- _Extracted records_:

★ ★ ★

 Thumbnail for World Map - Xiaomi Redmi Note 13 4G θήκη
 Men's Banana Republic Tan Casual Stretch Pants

★ ★ ★

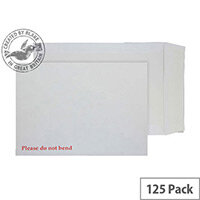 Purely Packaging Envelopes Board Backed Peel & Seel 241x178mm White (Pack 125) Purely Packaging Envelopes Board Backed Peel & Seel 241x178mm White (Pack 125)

★ ★ ★

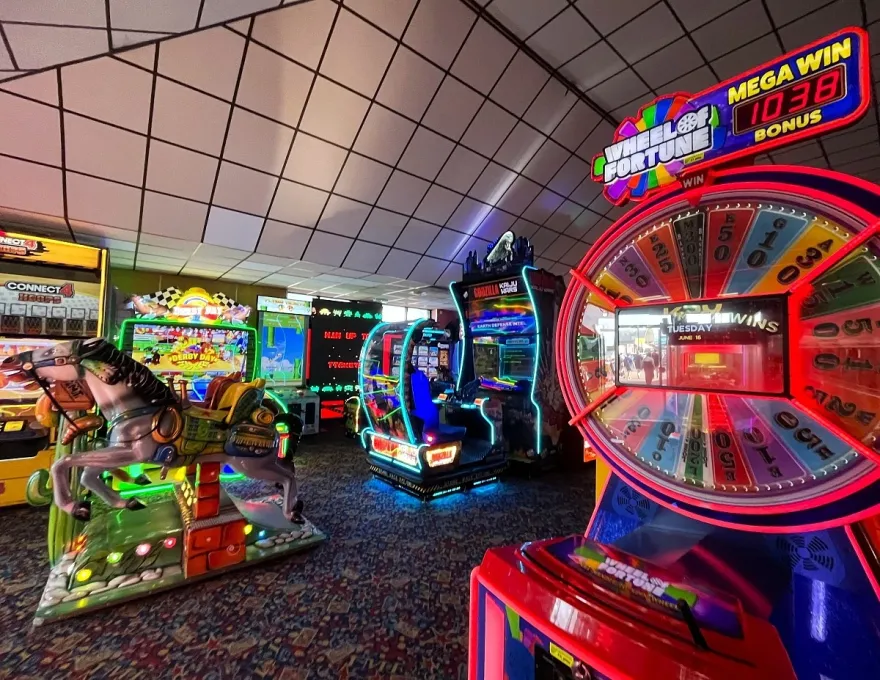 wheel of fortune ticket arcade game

★ ★ ★

- _Exercise aim_: Of the entries above, repeat exactly the lines between the line with "Thumbnail for World" and the line with "Men's Banana Republic", inclusive, and no others.

- _Response area_:
 Thumbnail for World Map - Xiaomi Redmi Note 13 4G θήκη
 Men's Banana Republic Tan Casual Stretch Pants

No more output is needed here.